Philosophical triumphs
The publication of the Essai found Bergson returned to Paris, teaching at the Lycée Henri IV. In 1891 he married Louise Neuburger, a cousin of the French novelist Marcel Proust. Meanwhile, he had undertaken the study of the relation between mind and body. The prevailing doctrine was that of the so-called psychophysiological parallelism, which held that for every psychological fact there is a corresponding physiological fact that strictly determines it. Though he was convinced that he had refuted the argument for determinism, his own work, in the doctoral dissertation, had not attempted to explain how mind and body are related. The findings of his research into this problem were published in 1896 under the title Matière et mémoire: essai sur la relation du corps à l’esprit (Matter and Memory).

This is the most difficult and perhaps also the most perfect of his books. The approach that he took in it is typical of his method of doing philosophy. He did not proceed by general speculation and was not concerned with elaborating a great speculative system. He began in this, as in each of his books, with a particular problem, which he analyzed by first determining the empirical (observed) facts that are known about it according to the best and most up-to-date scientific opinion. Thus, for Matière et mémoire he devoted five years to studying all of the literature available on memory and especially the psychological phenomenon of aphasia, or loss of the ability to use language. According to the theory of psychophysiological parallelism, a lesion in the brain should also affect the very basis of a psychological power. The occurrence of aphasia, Bergson argued, showed that this is not the case. The person so affected understands what others have to say, knows what he himself wants to say, suffers no paralysis of the speech organs, and yet is unable to speak. This fact shows, he argued, that it is not memory that is lost but, rather, the bodily mechanism that is needed to express it. From this observation Bergson concluded that memory, and so mind, or soul, is independent of body and makes use of it to carry out its own purposes.
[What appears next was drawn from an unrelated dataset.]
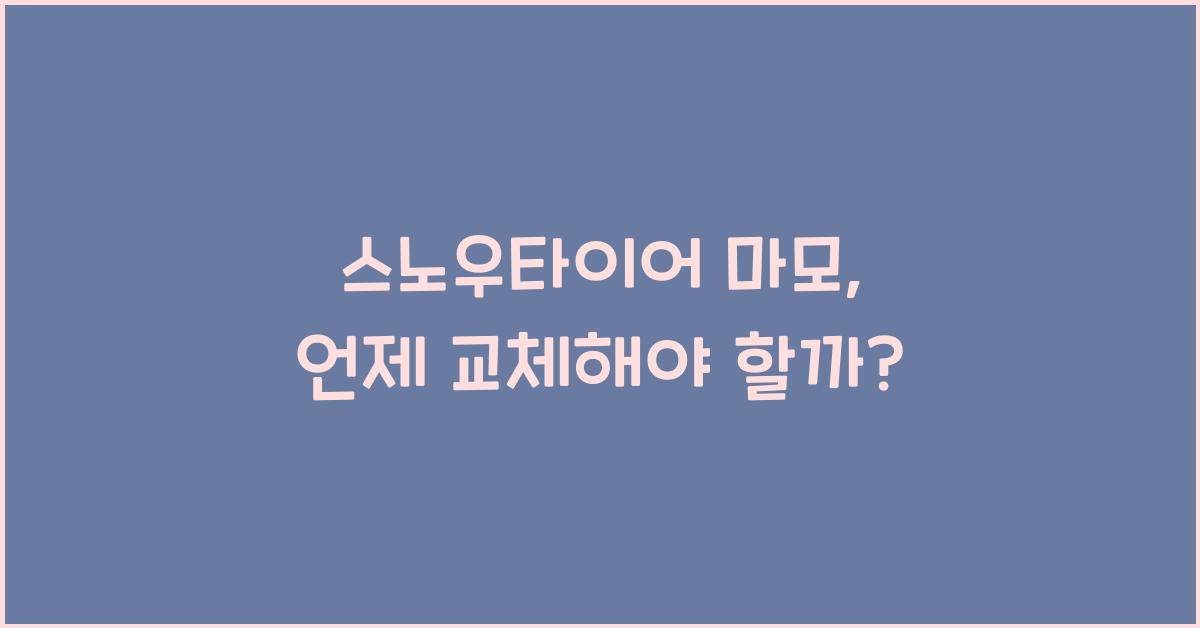 스노우타이어 마모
The Essai had been widely reviewed in the professional journals, but Matière et mémoire attracted the attention of a wider audience and marked the first step along the way that led to Bergson’s becoming one of the most popular and influential lecturers and writers of the day. In 1897 he returned as professor of philosophy to the École Normale Supérieure, which he had first entered as a student at the age of 19. Then, in 1900, he was called to the Collège de France, the academic institution of highest prestige in all of France, where he enjoyed immense success as a lecturer. From then until the outbreak of World War I, there was a veritable vogue of Bergsonism. William James was an enthusiastic reader of his works, and the two men became warm friends. Expositions and commentaries on the Bergsonian philosophy were to be found everywhere. It was held by many that a new day in philosophy had dawned that brought with it light to many other activities such as literature, music, painting, politics, and religion.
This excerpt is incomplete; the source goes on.